In May 1942, II. Gruppe was reequipped with the Focke Wulf Fw 190 A series, a radial engine powered fighter aircraft, at Woensdrecht Air Field. Ehlers claimed his first aerial victory flying the Fw 190 on 19 June. That day, 17 Fw 190s from 4. and 6. Staffel intercepted a flight of 24 Spitfire fighters in the area Zeebrugge. In this encounter, Ehlers claimed two Spitfires shot down. On 6 December, Ehlers claimed his first United States Army Air Forces (USAAF) heavy bomber shot down, his 17th aerial victory in total. That day, 66 Boeing B-17 Flying Fortress bombers headed for the industrials areas of Lille of which 37 bombed the target area.

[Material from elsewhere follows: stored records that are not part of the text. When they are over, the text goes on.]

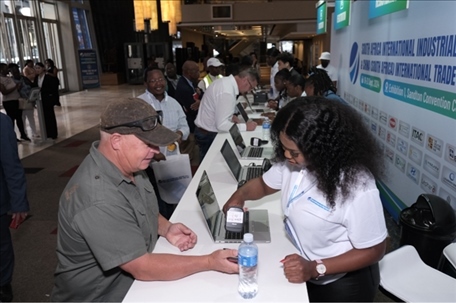 客商現(xiàn)場注冊參觀展會。主辦方供圖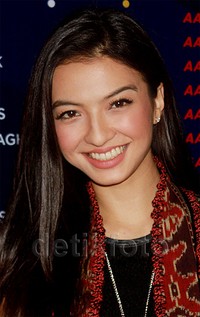Raline tampak cantik tersenyum di depan kamera. Pool/Gus Mun/detikFoto.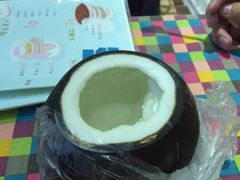 -志龙皇冠吃货椰子铺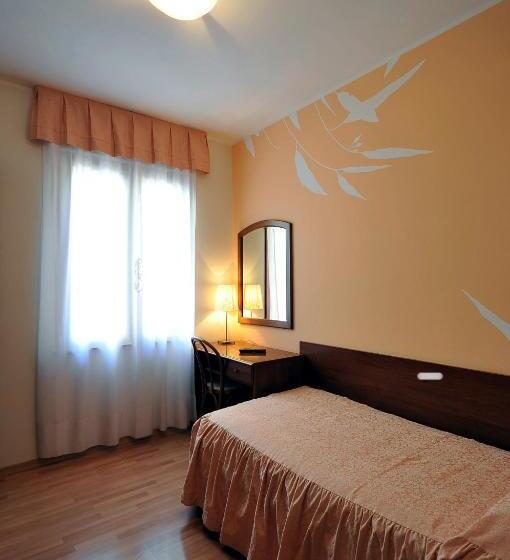 فندق Ristorante Ai Campi Di Marcello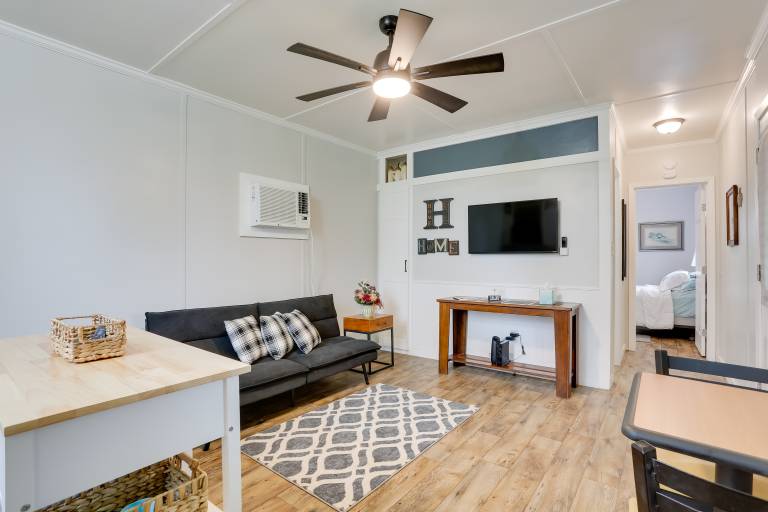 Near Parks & Lakes: Pet-Friendly Winnie Cottage — photo 5
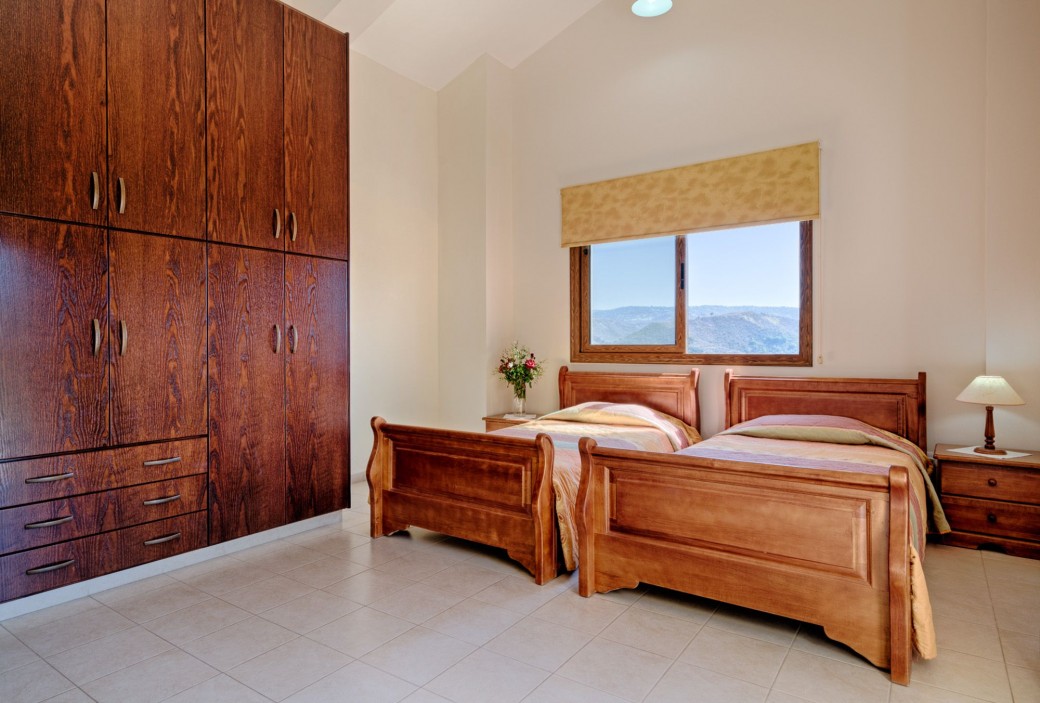 The air-conditioning units are fitted with electric saver timer switches (2, 3 and 4 hours)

On 22 January 1943, 15 to 20 North American B-25 Mitchell bombers escorted by Spitfire and North American P-51 Mustang fighters were intercepted by 10 Fw 190 from II. Gruppe over sea northwest of Blankenberge. In this encounter, Ehrler shot down a Spitfire fighter  north of Walcheren. On 11 March, Ehrler may have shot down a Spitfire fighter on an aerial reconnaissance mission. On 3 May, 16 Douglas A-20 Havoc bombers and 16 Lockheed Ventura bombers, escorted by 60 Spitfires and 40 Republic P-47 Thunderbolt fighters crossed the coast of Netherlands between 17:45 and 18:00. The Luftwaffe scrambled 24 Fw 190s from II. Gruppe of JG 1 and eight Bf 109s from 2. Staffel of Jagdgeschwader 27 (JG 27—27th Fighter Wing). Defending against this attack, Ehlers was credited with a Spitfire fighter and a Ventura bomber shot down. The Spitfire was piloted by Wing Commander Howard Blatchford who was killed in action.

Defense of the Reich

Ehlers was promoted to Leutnant (second lieutenant) on 1 July 1943. On 7 July, I. Gruppe of JG 1 moved to Deelen Air Field. The USAAF targeted the German aircraft industry on 17 August in the Schweinfurt–Regensburg mission. The bombers of the 1st Bombardment Wing headed for the ball bearing factories at Schweinfurt. At 11:50, the Luftwaffe fighters of I. Gruppe of JG 1 intercepted a large formation of B-17 bombers in the area of Aschaffenburg. Following the bombers on their southern heading, Ehlers shot down two B-17 bombers. That day, the commander of 2. Staffel of JG 1, Leutnant Hans Feustel, was wounded in combat. In consequence, Ehlers was appointed Staffelkapitän (squadron leader) of 2. Staffel the following day.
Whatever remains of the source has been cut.